Vielen Dank an das Bloggerportal, den Penguin-Verlag und Maria Nikolai für das Rezensionsexemplar! 

Sonntag, 22. Februar 2026

Rezension: Sophia Herzog - Das Wunder von Essen

Zwei mutige Frauen, eine Leidenschaft

Wuppertal, 1949: Elise genießt die Zeit auf dem Bolzplatz, wenn sie gemeinsam mit den anderen Jungen hinter dem Ball herrennen und alles andere vergessen kann. Doch seit sie älter und weiblicher wird, kommen immer mehr unangemessene Kommentare ihrer Mitspieler, bis sie sie letztlich ganz ausschließen. Und auch Paul, ihr langjähriger Freund und mittlerweile auch Schwarm, ist involviert, was Elise ihm nicht verzeihen kann. Fünf Jahre später hat sie keinen Kontakt mehr zu ihren damaligen Mitspielern, aber durch Zufall den Kontakt zu einer reinen Frauenmannschaft erhalten. Dort geht sie in ihrer Liebe zum Fußball voll auf. Beim Verfolgen der Weltmeisterschaft trifft sie dann auch unverhofft wieder auf Paul und alte Gefühle wallen wieder auf, doch hat ihre Liebe nun eine Zukunft?

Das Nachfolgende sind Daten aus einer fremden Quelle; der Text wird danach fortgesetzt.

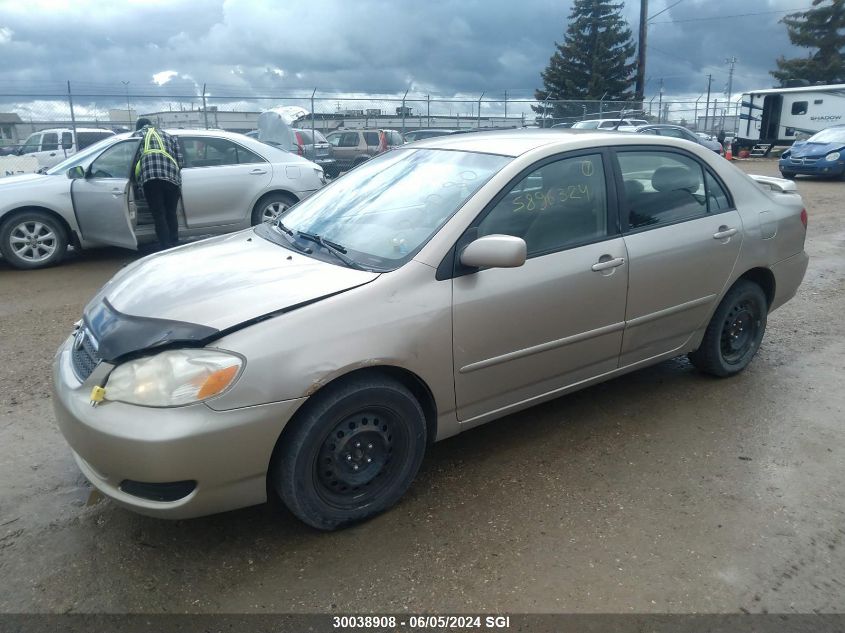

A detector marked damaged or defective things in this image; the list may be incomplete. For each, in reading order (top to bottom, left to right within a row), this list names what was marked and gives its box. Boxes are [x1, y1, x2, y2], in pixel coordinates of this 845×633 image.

cracked headlight [104, 348, 244, 408]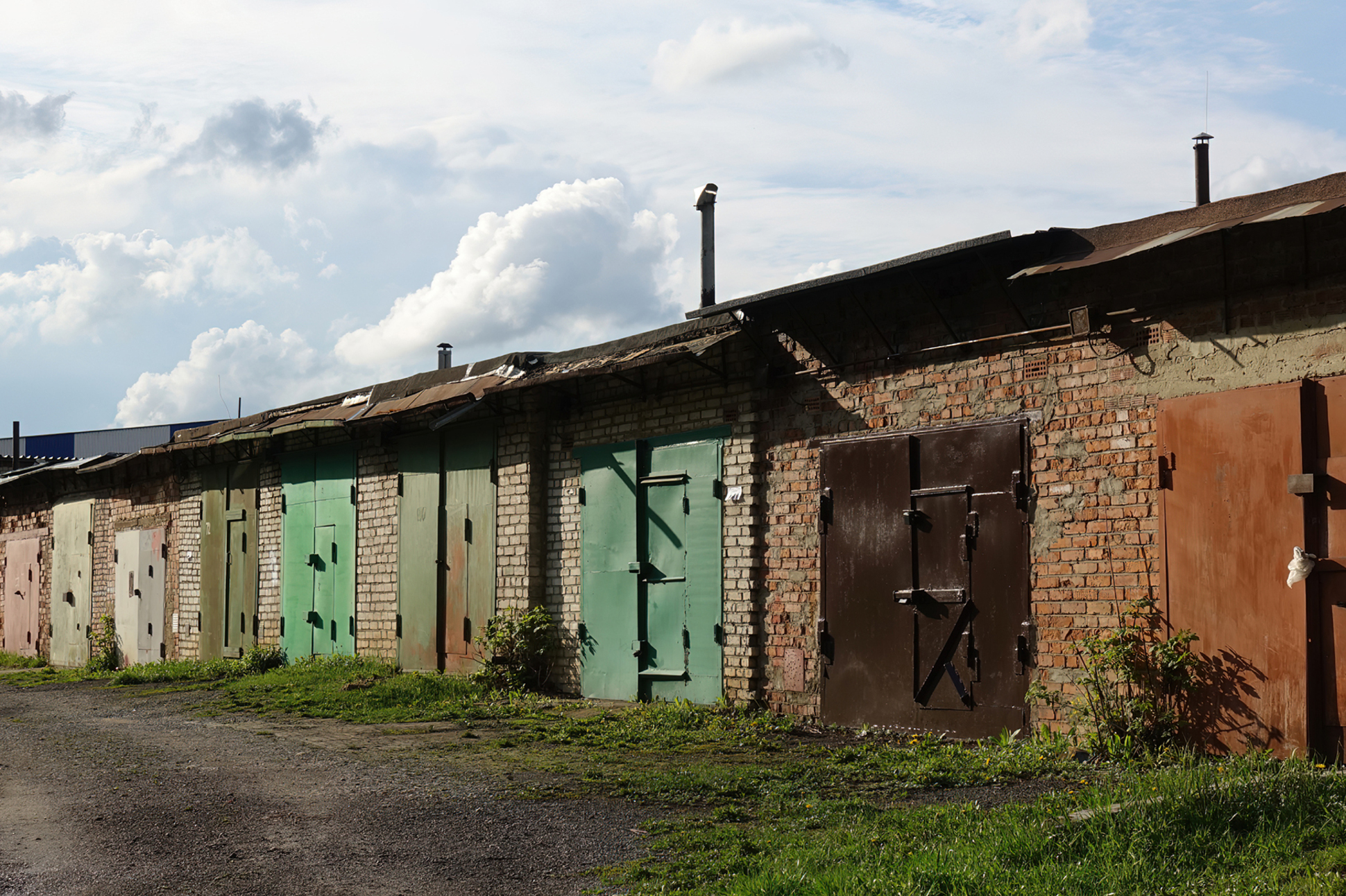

Wuppertal, 2022: Katja ist Trainerin der Frauenmannschaft des 1. FC Wupper, die in der 1. Bundesliga spielen. Nachdem sie selbst ihre Karriere als Profifußballerin der Nationalmannschaft beendet hat, konnte sie hier, in ihrer Heimatstadt als Trainerin eine Stelle antreten. Aber sie ist momentan nicht ganz bei der Sache, denn vor kurzem ist ihr Opa verstorben, ihre Oma muss ins Heim, denn zuhause klappt es alleine nicht mehr und sie fühlt sich etwas überfordert von allem. Beim Ausräumen des Hauses ihrer Großeltern findet sie dann Fotos von ihrer Oma mit anderen jungen Frauen einer Damenfußballmannschaft und Katja wird neugierig, denn niemals hat ihre Oma erwähnt, dass sie Fußball mag oder sogar selbst einmal gespielt hat. Dieses Familiengeheimnis will Katja nun unbedingt lösen, aber einfach wird es nicht, denn ihre Oma blockt komplett ab. 

Sophia Herzog erzählt die Geschichte der beiden Frauen abwechselnd, sodass die relativ langen Kapitel sehr umfangreiche Einblicke in die Geschehnisse geben. So wird ganz nebenbei, anhand eines Familienschicksals, die Geschichte des Frauenfußballs in Deutschland erzählt. 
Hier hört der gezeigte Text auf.